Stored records

+ + + + +

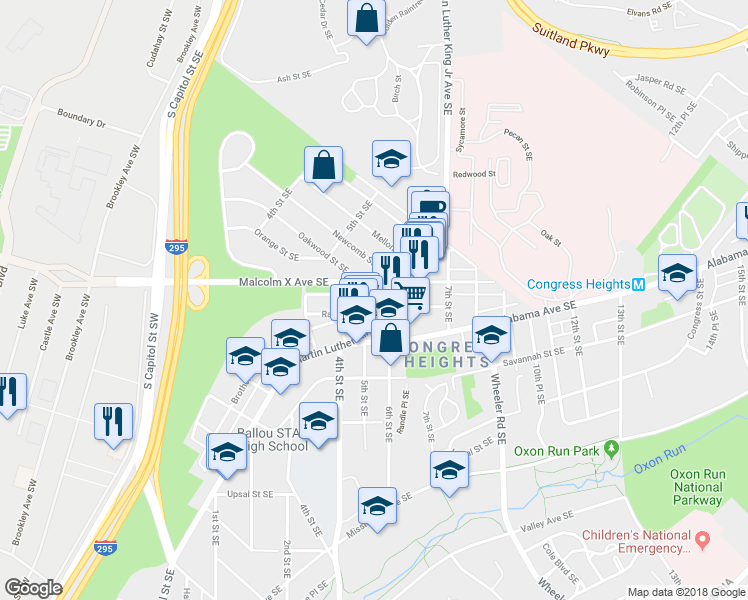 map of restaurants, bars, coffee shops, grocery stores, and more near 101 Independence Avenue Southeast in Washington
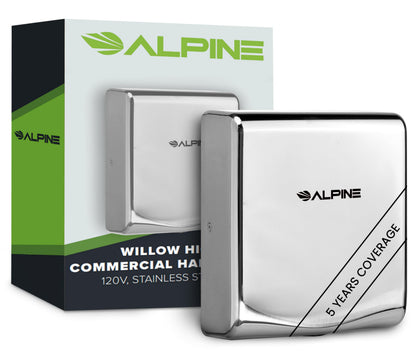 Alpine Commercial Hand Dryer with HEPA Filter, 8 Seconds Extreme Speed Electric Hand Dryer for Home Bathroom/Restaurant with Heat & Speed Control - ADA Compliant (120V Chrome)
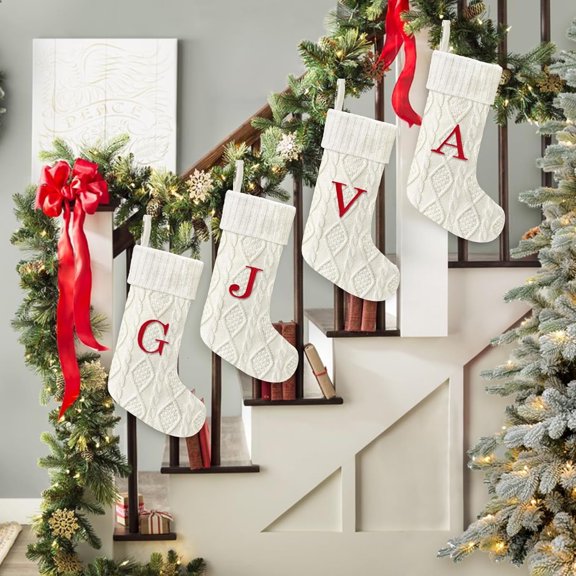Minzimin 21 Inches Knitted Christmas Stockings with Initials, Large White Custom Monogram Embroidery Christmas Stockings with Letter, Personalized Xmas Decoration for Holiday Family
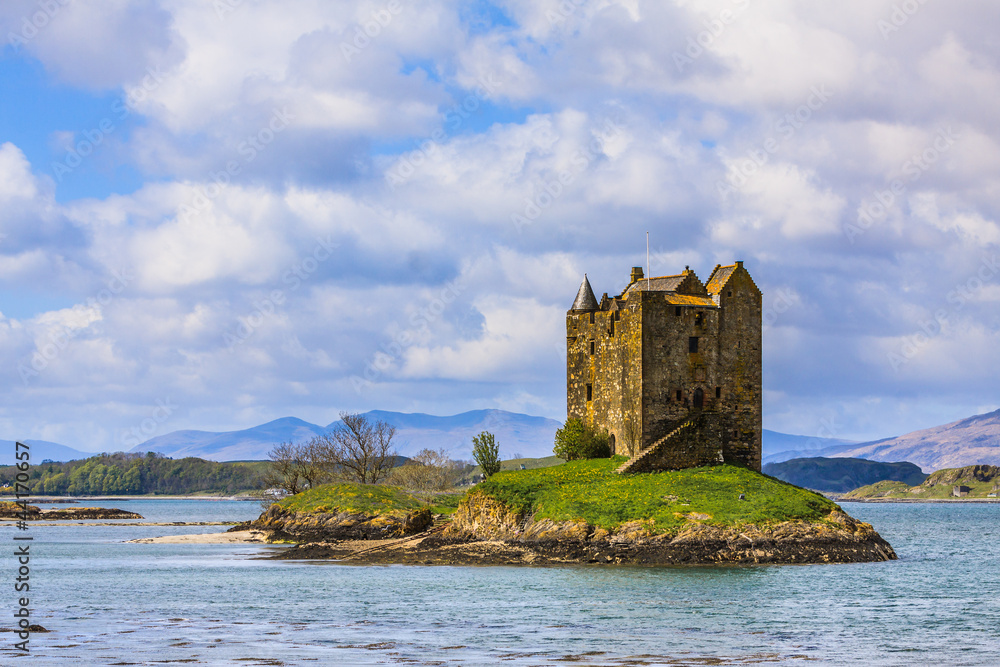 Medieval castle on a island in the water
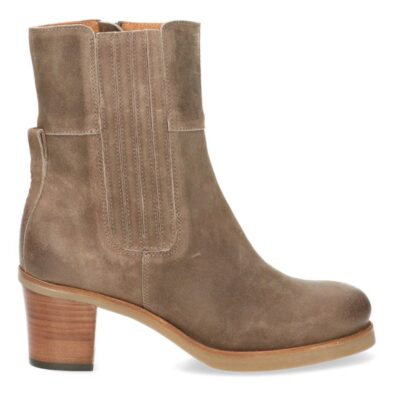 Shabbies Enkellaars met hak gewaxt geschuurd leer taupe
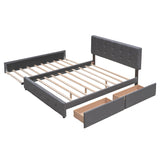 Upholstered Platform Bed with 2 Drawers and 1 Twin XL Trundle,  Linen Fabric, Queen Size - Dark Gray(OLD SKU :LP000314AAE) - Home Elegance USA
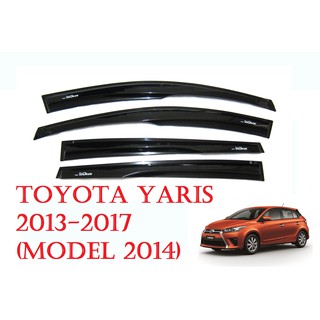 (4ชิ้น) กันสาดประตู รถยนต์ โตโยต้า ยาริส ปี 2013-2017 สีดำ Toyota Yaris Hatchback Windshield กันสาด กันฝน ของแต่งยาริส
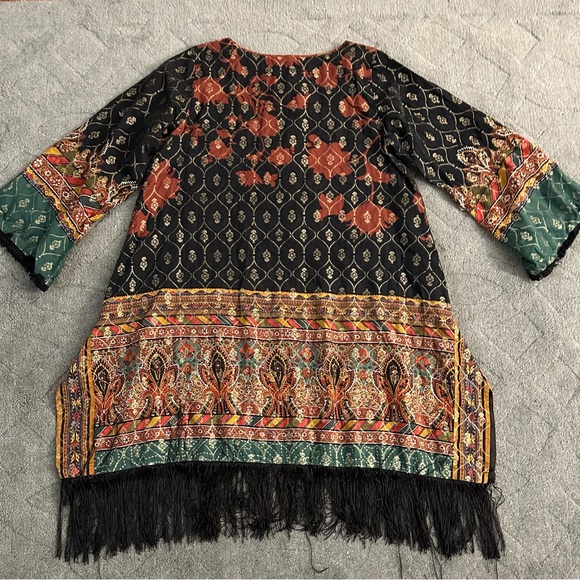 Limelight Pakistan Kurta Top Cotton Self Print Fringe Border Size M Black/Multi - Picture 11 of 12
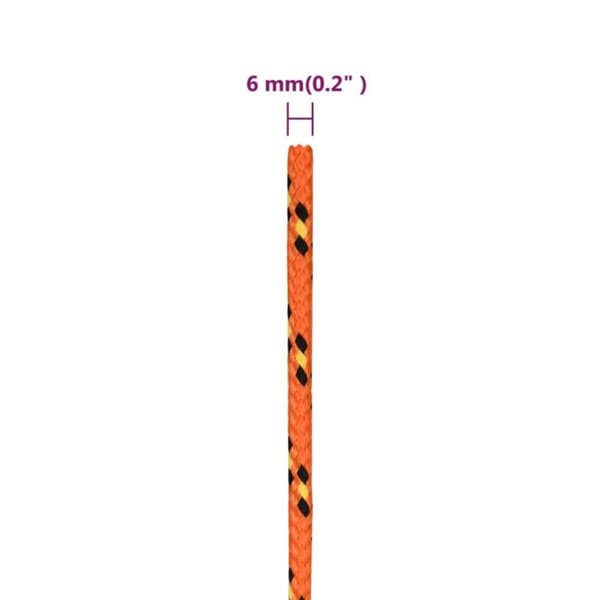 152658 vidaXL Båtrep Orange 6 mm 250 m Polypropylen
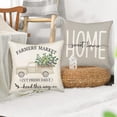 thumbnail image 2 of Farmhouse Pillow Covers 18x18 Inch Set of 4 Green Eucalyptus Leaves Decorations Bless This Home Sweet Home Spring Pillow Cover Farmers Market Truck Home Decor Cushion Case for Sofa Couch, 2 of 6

+ + + + +

#### Task details:
The line containing "Alpine Commercial Hand" marks where the copy ends; print every line before it from the start of the records, and that line too, but no pictures.

#### Output for this task:
 map of restaurants, bars, coffee shops, grocery stores, and more near 101 Independence Avenue Southeast in Washington
 Alpine Commercial Hand Dryer with HEPA Filter, 8 Seconds Extreme Speed Electric Hand Dryer for Home Bathroom/Restaurant with Heat & Speed Control - ADA Compliant (120V Chrome)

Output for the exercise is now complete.